Plaintiffs allege that because Defendants failed to comply with ILSA, they violated ILSA by failing to disclose and intentionally concealed that buyers had an absolute right to rescind their purchase contracts within two years of the date of signing and making affirmative misrepresentations regarding the right to rescind to prevent Plaintiffs from exercising it.

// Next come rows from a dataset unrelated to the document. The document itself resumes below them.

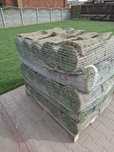Trawa w rolce 50m2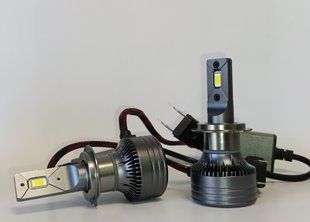 Светодиодная LED лампа MICHI MI LED Can 9005/9006 (5500K) - 55W (шт.) MI LED Can 55W 9005/9006 (5500K) фото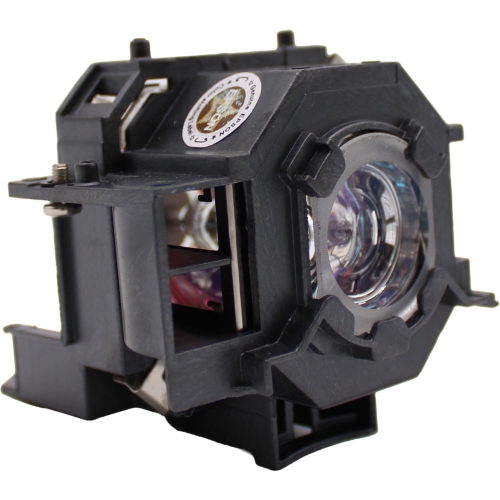 Epson Original Lamp & Housing for The EMP-83 Projector - 1 Year Warranty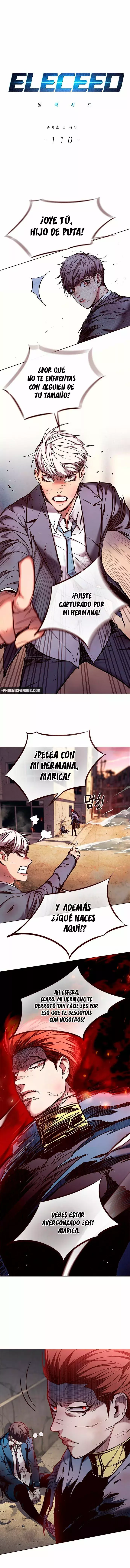 Read Electricidad veloz (es) Manga Online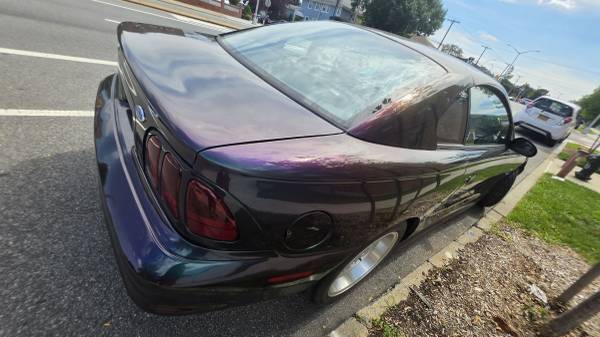 1996 Ford Mustang GT 2dr Fastback — photo 3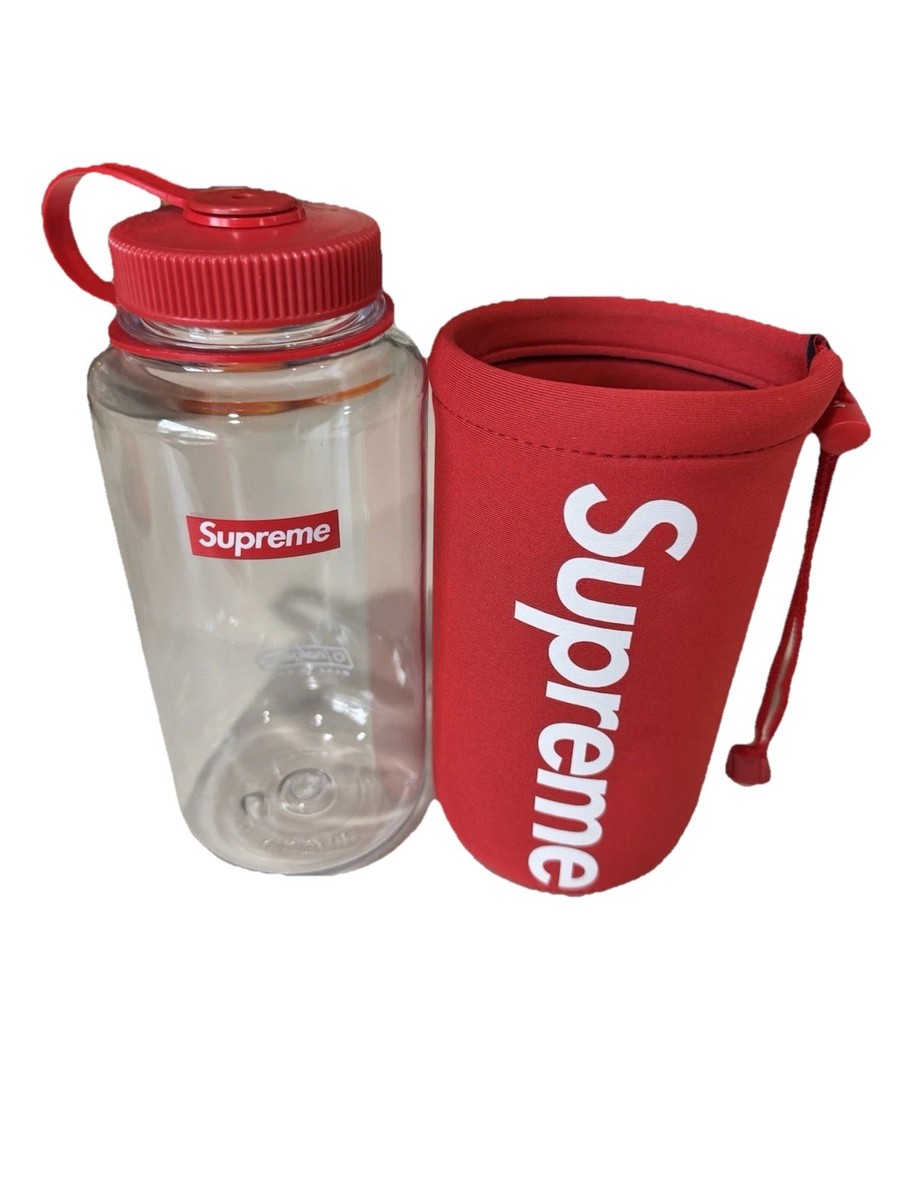 Supreme Nalgene 32oz Bottle Red SS20 (NEVER USED) Supreme Water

Defendants are 5th Rock, LLC (“Seller”), the seller and developer of the Hard Rock; MKP One, LLC (“MKP”), the managing member of 5th Rock and the party that signed these contracts on behalf of 5th Rock; Tarsadia Hotels (Tarsadia), an entity 5th Rock retained to assist in the development, and subsequently the operation, and management of the Hotel after opening; Gregory Casserly, the President and member of the Board of Directors of Tarsadia; Tushar Patel, and B.U. Patel, shareholders and members of the Board of Directors of Tarsadia; and Gaslamp Holdings, LLC (“Gaslamp”), an affiliate of 5th Rock that owned the land underlying the Hard Rock. Playground was the real estate broker for the Hard Rock.

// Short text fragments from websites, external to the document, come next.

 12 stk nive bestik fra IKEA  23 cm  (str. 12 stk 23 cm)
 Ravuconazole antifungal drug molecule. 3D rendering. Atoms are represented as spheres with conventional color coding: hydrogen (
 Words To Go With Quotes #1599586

Around 2005, Defendants, through 5th Rock, began to develop a mixed-use development to include 420 guestroom commercial condominium units (“Units”) called the “Hard Rock Hotel & Condominium” located at 205 Fifth Avenue in San Diego, California. Starting around May 18, 2006, Plaintiffs and 5th Rock executed a pre-printed, standardized Purchase Contract and Escrow Instructions (“Purchase Contract”) prepared by Defendants for the purchase of one or more Units at the Hard Rock Project. Most closed escrow on their Units in 2007.

Plaintiffs assert that Defendants violated the Interstate Land Sales Full Disclosure Act, 15 U.S.C. §§ 1701 et seq. (“ILSA”) by failing to disclose and intentionally concealing Plaintiffs' right to rescind their purchase contracts within two years of the date of signing the Contracts. Under 15 U.S.C. § 1703(d)(2) of the ILSA, a developer is required to include in the buyer default provision of the purchase contract written notice of a 20–day opportunity for the buyer to remedy default or breach of contract. 15 U.S.C. § 1703(d)(2). If a developer does not include the default remedy provision in the contracts, buyers then have an absolute two-year right to rescind. 15 U.S.C. § 1703(d).

Furthermore, ILSA requires a developer to register a project with the U.S. Department of Housing and Urban Development (“HUD”) and to provide buyers with an ILSA property report that discloses facts regarding the sales transaction. 15 U.S.C. § 1703(a)(1)(B). If a developer does not obtain an ILSA property report to be distributed to buyers before they sign the purchase contract (or in the alternative, in California, where a developer fails to provide buyers with an ILSA compliant public report issued by the Department of Real Estate), ILSA imposes a two-year right to rescind from the date of contract for the benefit of the buyers where the right to rescind must be disclosedin the purchase contract. 15 U.S.C. § 1703(c).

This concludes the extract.